Михаил быстро сообразил, что цель своего визита раскрывать первому встречному вовсе не следует, и ухватился за очень хороший вариант, который подсказал мотоциклист. Он решил подыграть мужику.

– По особо важным делам, – сказал он с нарочитой небрежностью.

– А что за дело?

– А вот это уже, товарищ, лишний вопрос, на который я тебе ответить не могу, – Михаил свёл брови к переносице, сделав лицо серьёзным и озабоченным. – Служебная тайна. Скажи-ка лучше мне, где у вас тут остановилась молодая учительница физкультуры по фамилии Мухамединова?

– Нурия Нуриевна? – обрадованно спросил мужик.

– Ты её знаешь? – удивился Михаил.

– Ха, ещё бы. Она будет преподавать физкультуру у моего оболтуса. О ней уже весь Каен-Авыл знает.

Михаил чуть было не прокололся, намереваясь спросить, что такое Каен-Авыл, но вовремя удержался от вопроса. Следователь, направляющийся сюда по делу должен обязательно знать, что такое Каен-Авыл.

– Выходит, учитель – уважаемый человек в вашей деревне? – спросил Михаил.

– В Каен-Авыле проживает всего около пяти сотен человек, – прокричал мотоциклист. – Каждый друг друга знает в лицо. А тут новый человек появился, да ещё учитель нашей ребятни, любому не терпится с ней поздороваться.

– И ты с ней здоровался? Видел в лицо?

– А как же! – с гордостью ответил мотоциклист. – Минут пять общались.

– Как тебя зовут?

– Степаном. А тебя?

– Михаил.

– Очень приятно.

– Скажи мне, Степан, какое впечатление у тебя осталось о новой учительнице? Как она выглядит, как себя ведёт с народом? – тоном дознавателя спросил Михаил.

– Вы её в чём-то подозреваете? – удивился Степан.

– Нет, в нашем деле она проходит свидетелем. Просто мне хочется представлять, насколько можно доверять её показаниям.

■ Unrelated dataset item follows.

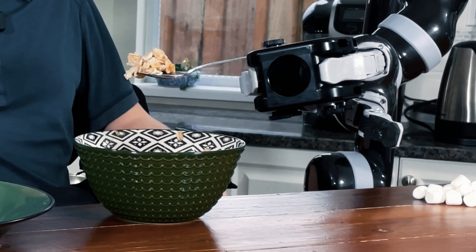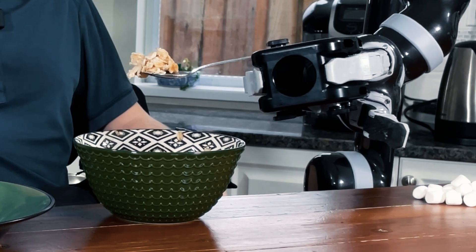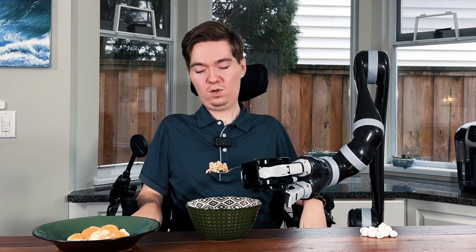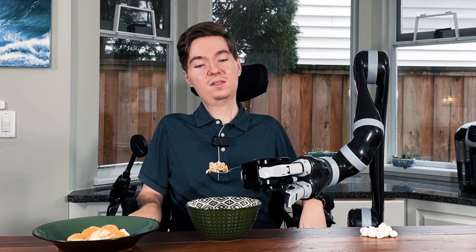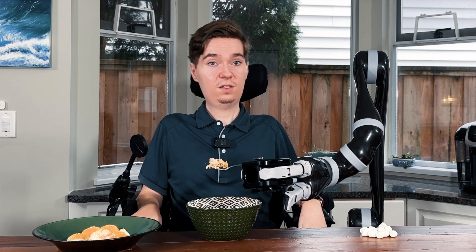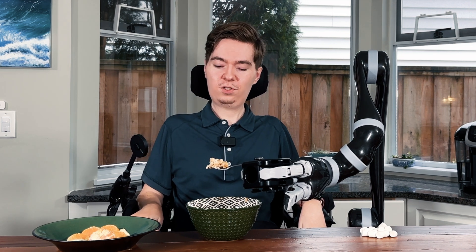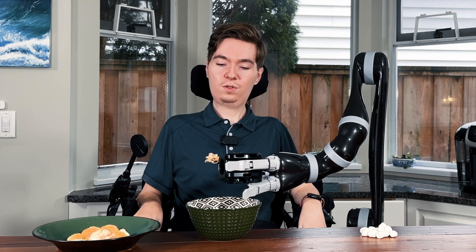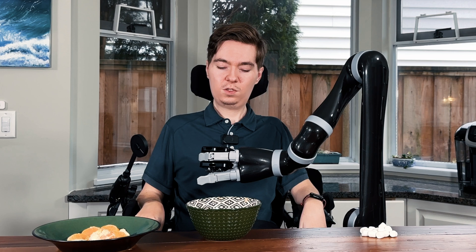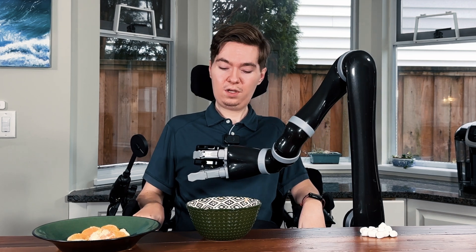We've got a nice spoonful of food — maybe it's a bit overfull, but we're going to do our best to not make a mess. Ideally, you want to make sure the spoon is level for the transfer so that it's not tilting and falling off onto your lap, which is important. I'm just going to begin moving Jayco as normal — nothing special about how I'm moving Jayco now — I'm just being conscious of the orientation of the spoon.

– Хороший она человек, добрый и отзывчивый, врать не станет, не сомневайся. И красивая, – расплылся в улыбке Степан. – Не будь у меня семьи – приударил бы за ней однозначно.

– Она же мусульманка, а ты, как я вижу, русский, – заметил Михаил. – Не склеилась бы ваша любовь.

– Это почему же?

– Ну, как? Не положено у мусульман отдавать девушку замуж за русского.

– Я бы веру ихнюю принял, совершил никях, – не колеблясь ни на секунду, высказался Степан. – Я ведь только по паспорту русский, а фактически давно превратился в мусульманина. Даже в мечеть иногда захожу.

– Ну, тогда понятно, – раздумчиво проговорил Михаил, мысленно примеряя себя на место Степана, стоящего в татарской тюбетейке перед имамом в мечети.

«Нет, я не смог бы так поступить», – сделал он заключение про себя без всякого сомнения.

Мотоцикл на полной скорости влетел в деревню и вскоре остановился у добротного дома с глухими воротами, выкрашенными в зелёный цвет.

– Вот тут наша Нурия и остановилась у бабки Алкын, – громко проговорил Степан, не глуша мотор.

Михаил выбрался из коляски, потоптался на месте.

– Спасибо, Степан, – сказал он, пожимая руку мотоциклисту.

– Не за что, товарищ следователь, – живо откликнулся русский мусульманин. – Обращайся, если что. Степана Лабутина здесь все знают.

Мотоцикл развернулся и помчался в обратную сторону. Михаил решительно шагнул к воротам.

– Кто там? – послышался за воротами знакомый голос Аннушки, после длительного и настойчивого стука Кацапова.

– Откройте, следователь, – изменив голос, требовательно проговорил Михаил и замер в ожидании.

Звякнула щеколда на калитке, в открывшемся проёме в красном спортивном костюме появилась Аннушка. От неожиданности лицо её вытянулось и, как показалось Михаилу, слегка побледнело.

– Ты?! – испуганно выдохнула она и не двинулась с места, не бросилась гостю на шею.

– Я, Аннушка, опять я, и снова я, и всегда буду я, и только я, и никто другой кроме меня, – как пули из пулемёта, выскочили слова из уст Михаила. – Или ты не рада нашей встрече?

– Тебе не нужно было сюда приезжать, – голосом обречённого человека выдавила Аннушка из себя.

– Что ты такое говоришь, любимая? – перейдя почему-то на шёпот, сказал Михаил. Он был в полном непонимании от того, что с ней происходит. – Я приехал сюда, чтобы увидеть тебя. Я очень соскучился по тебе, ведь с последней нашей встречи прошла целая вечность.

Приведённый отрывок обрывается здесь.